For many of the thousands of women who undergo mastectomies each year due to breast cancer, part of the healing process is breast reconstruction. However, reconstruction can be an arduous process based primarily on the surgeon’s own experience and skill. It can take multiple surgeries to get it right, and patients often face an overwhelming series of decisions with a number of options and conflicting preferences.

 Mia Markey, a professor in the Department of Biomedical Engineering, and Krishnaswamy Ravi-Chandar, a professor in the Department of Aerospace Engineering and Engineering Mechanics, are part of a team working to improve breast reconstruction outcomes and ease the decision-making process for patients. Their work is funded by a five-year $3.4 million grant from the National Institutes of Health.

The Cockrell School team is developing computer models of the breast using data volunteered by breast cancer patients that can be used to understand the factors that shape the organ. 

“The breast is another structure, it’s just constructed differently [than non-biological materials],” Ravi-Chandar said. “We’re trying to build a model that can provide some understanding of the reconstruction process through numerical models so the surgeons don’t have to go through a trial-and-error process during surgery.” 

In collaboration with plastic surgeons at The University of Texas MD Anderson Cancer Center, the Cockrell School engineers are also working with Michelle C. Fingeret, a clinical psychologist at MD Anderson, and Fatima A. Merchant, an engineering technology professor at the University of Houston. The data informing the models were collected from patients at MD Anderson scheduled to undergo mastectomies. 

At the current research stage, the models capture the shape changes with position of a patient’s natural breast, pre-mastectomy. Eventually, the same software can be used to model the reconstructed breast so surgeons and patients can evaluate which materials and techniques would work best.

“It could provide some information to the patient ahead of time when the patient is making decisions about what kind of reconstruction, what to expect, and how it impacts the patient’s well-being in the future,” Ravi-Chandar said.

Breast shape changes with body orientation. So, to gather information on how breast shape and position change as the body moves, the team took 3-D scans of each volunteer’s chest and torso area as she was moved from lying on her back to an upright position. They also placed a random array of dots on the same area to track how the skin moved throughout the transition.

By tracking the changing position of the random dot array on the skin, the model revealed that skin across the entire chest area was significantly stretched as the body changed position, influencing the shape and position of the breast. The model also revealed that the breasts don’t stay in a fixed position as the body moves, but that the entire organ slides over the underlying muscle layer. Ravi-Chandar says this finding indicates the importance of connective tissue between the breast and muscle in determining breast shape.

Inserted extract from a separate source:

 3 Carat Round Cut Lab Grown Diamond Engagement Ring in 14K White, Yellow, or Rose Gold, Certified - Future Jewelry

Ravi-Chandar compiled this data and other materials research conducted on tissues in the lab to create life-like models that have already led to new insights on factors that influence the shape of the breast. He says the model findings on skin stretching and breast sliding are important points for surgeons to consider when developing a reconstruction plan post-mastectomy. But the model could be important in treating breast cancer itself.

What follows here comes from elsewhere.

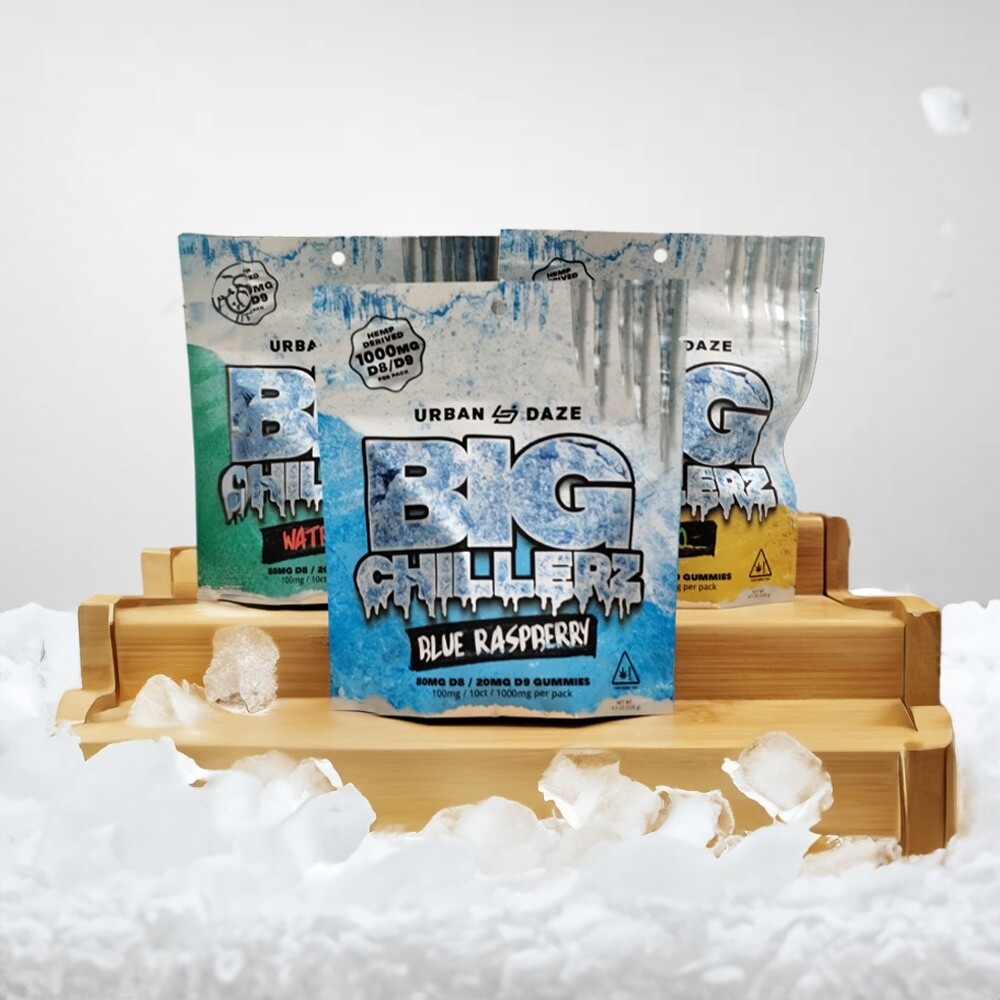 Urban Daze Big Chillerz Delta 8/9 Gummies 80mg Delta 8 20mg Delta 9 1000mg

“We have a model that can be further developed to guide diagnostic methods such as MRI and mammogram,” Ravi-Chandar said. “These are performed with the subject in different orientations. So the model could help in locating specific points correlating the different images.”

Ravi-Chandar says that the model, once improved to a clinical tool, could serve a dual medical purpose in preventative and reconstructive medicine. For those who need reconstruction, it could help improve surgical techniques and give patients a look at how their body is likely to personally respond to surgery. And for those who need surgery, the model could help with improved tumor location detection.